Independent Nickel Board of Directors Supports Increase in Victory Nickel Takeover Offer
Independent Nickel Corp. announced that Victory Nickel Inc. has increased its offer to purchase all of the outstanding common shares of Independent Nickel (“Independent Nickel Shares”) and that Board of Directors of Independent Nickel (the “Board of Directors”) has recommended that shareholders accept the Amended Offer, having unanimously determined that the Amended Offer is fair to shareholders and is in the best interests of Independent Nickel.

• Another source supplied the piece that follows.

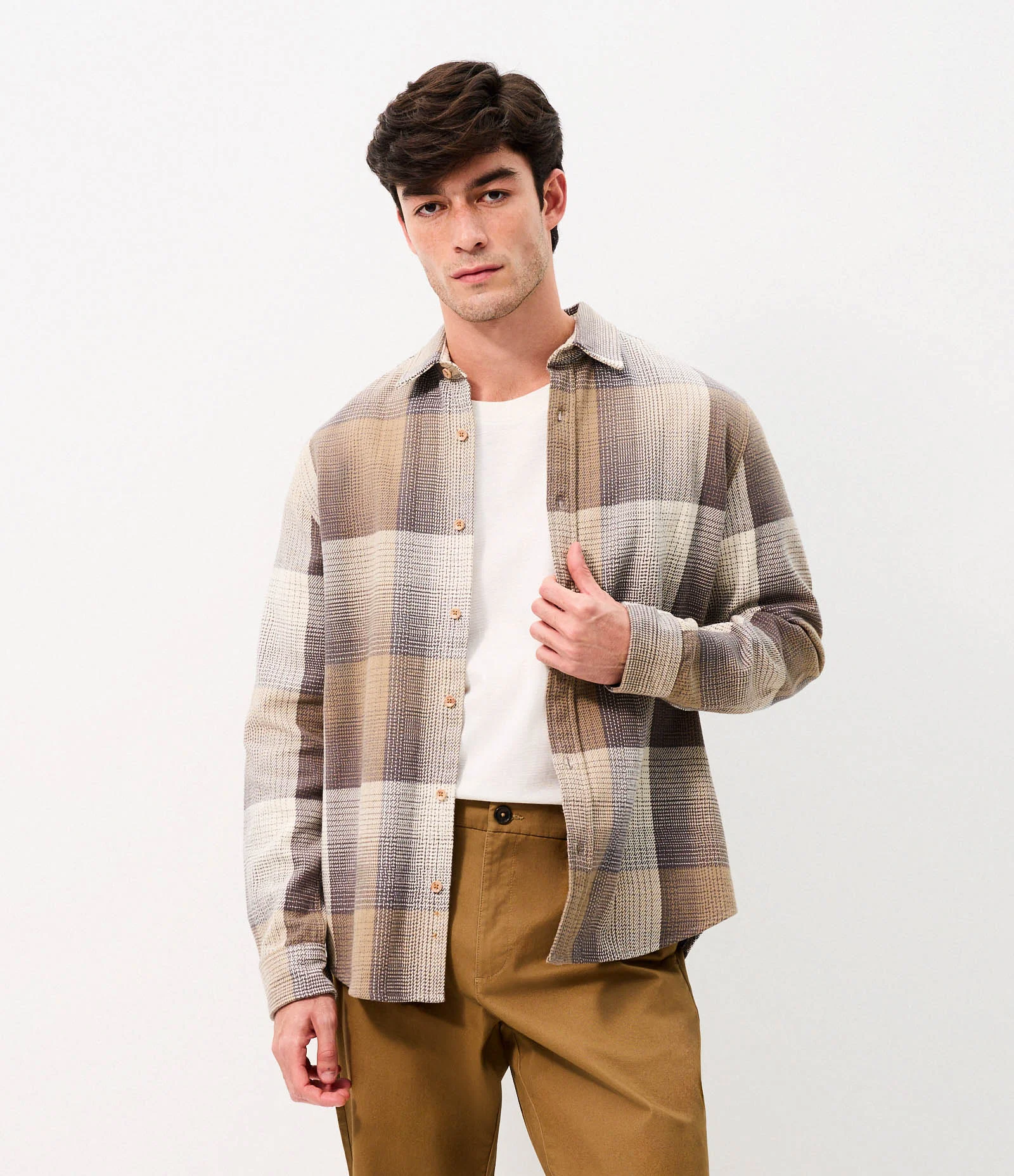 Camisa Flanela Xadrez com Listras Marrom 1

The Offer has been amended by increasing the consideration payable by Victory Nickel from 1 (one) common share of Victory Nickel (“Victory Nickel Share”) for each Independent Nickel Share to 1.1 (one and one-tenth) Victory Nickel Shares for each Independent Nickel Share (the “Amended Offer”). In addition, Victory Nickel has agreed to appoint two of Independent Nickel’s current directors to Victory Nickel’s Board of Directors. The Amended Offer is open for acceptance until 6:00 p.m. (Toronto time) on September 24, 2008.

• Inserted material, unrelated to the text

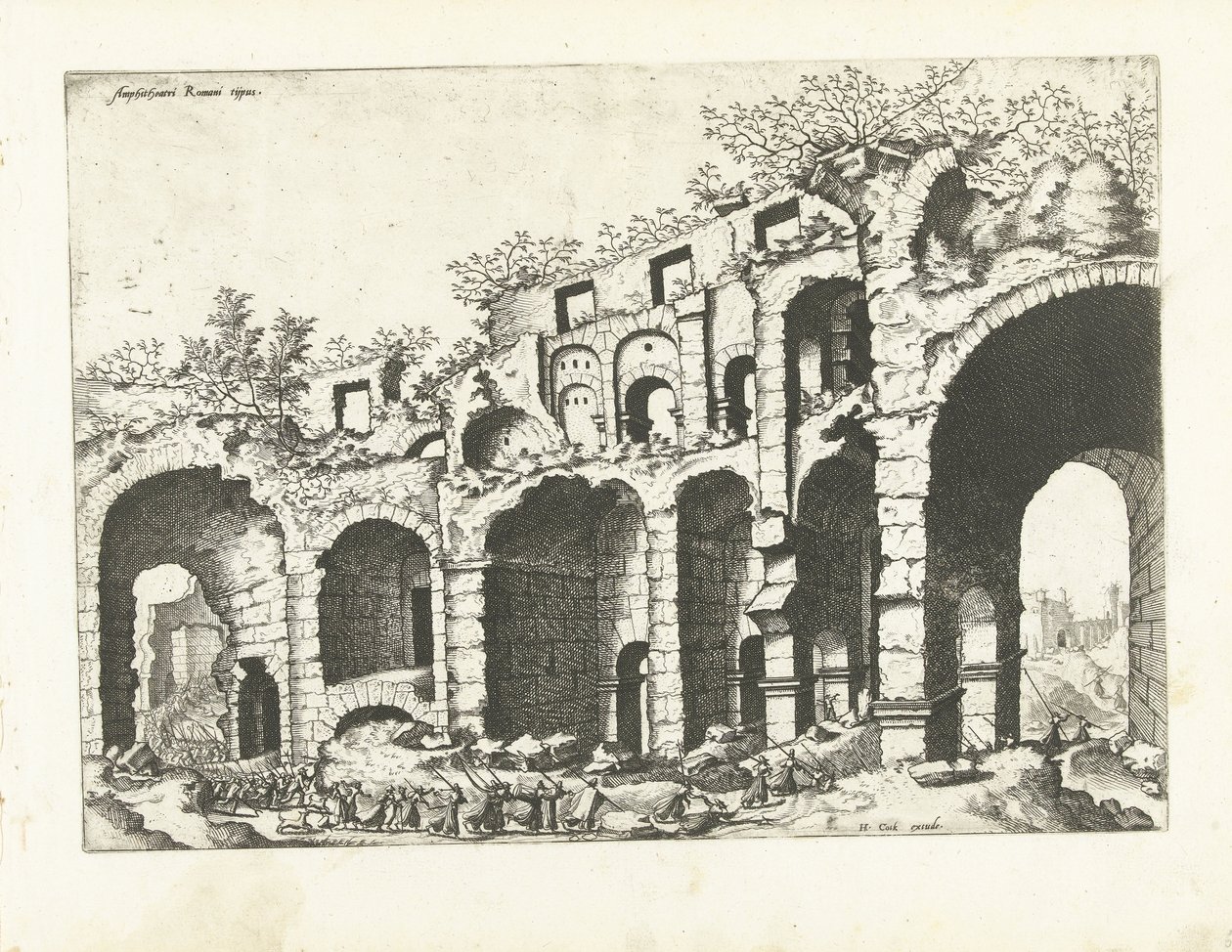 Kilátás egy amfiteátrumra, valószínűleg a Colosseumra Római romok, 1561 (sorozat címe) alkotó: Johannes of Lucas van Doetechum (attributed to)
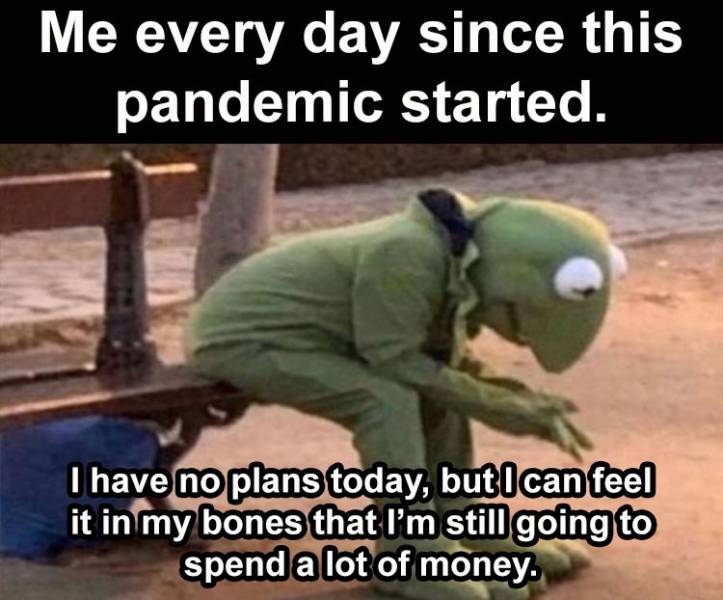 photo caption - Me every day since this pandemic started. I have no plans today, but I can feel it in my bones that I'm still going to spend a lot of money.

Following receipt of a recommendation of the Special Committee of the Board of Directors to evaluate the offer, the Board of Directors has unanimously determined that the Amended Offer is fair to shareholders and is in the best interests of Independent Nickel and recommends that shareholders accept the Amended Offer. On September 2, 2008, Paradigm Capital Inc., the financial advisor to the Special Committee, provided a fairness opinion to the effect that, as of that date and subject to the assumptions, limitations, and qualifications set out therein, the Amended Offer is fair, from a financial point of view, to shareholders of Independent Nickel.

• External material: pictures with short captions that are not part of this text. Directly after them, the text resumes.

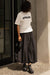 Bubble hem midi skirt in black — main image
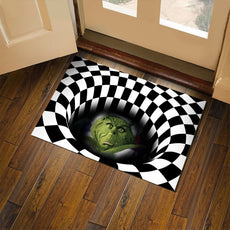 3D Plaid Floor Mat Halloween Clown Door Mat Sewer - EliteDomain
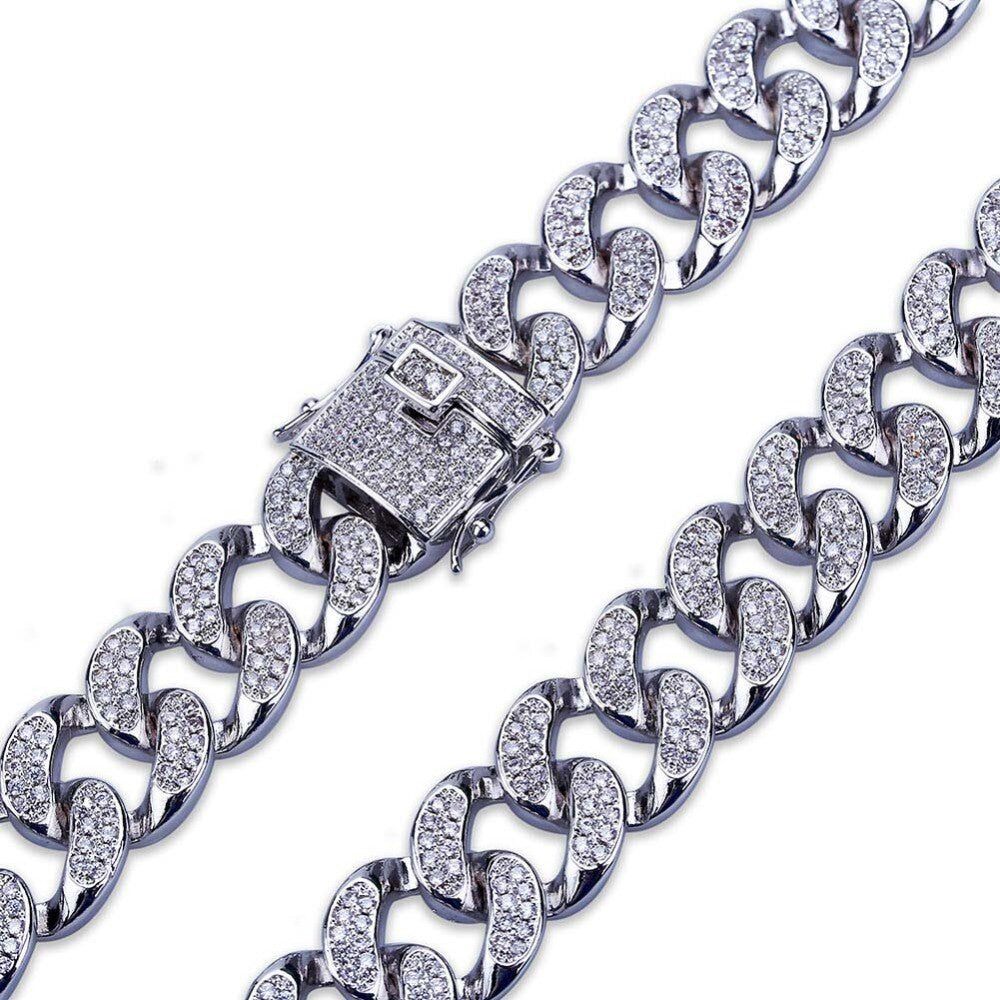 Hip Hop 14mm AAA True Micro Pave Flooded Ice Gold Silver Cuban Link Bracelet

“This improved Offer from Victory Nickel presents Independent Nickel shareholders with a 35.8% premium to the 20 day volume weighted average price of Independent Nickel shares immediately prior to the initial offer”, stated Richard Murphy, President and CEO of Independent Nickel Corp. “After careful consideration of all aspects of the increased offer, our Board of Directors has concluded that accepting the Victory Nickel offer presents shareholders with the best opportunity available to maximize value. Members of our Board of Directors unanimously agree that a consolidated nickel company will attract higher valuations for shareholders going forward.”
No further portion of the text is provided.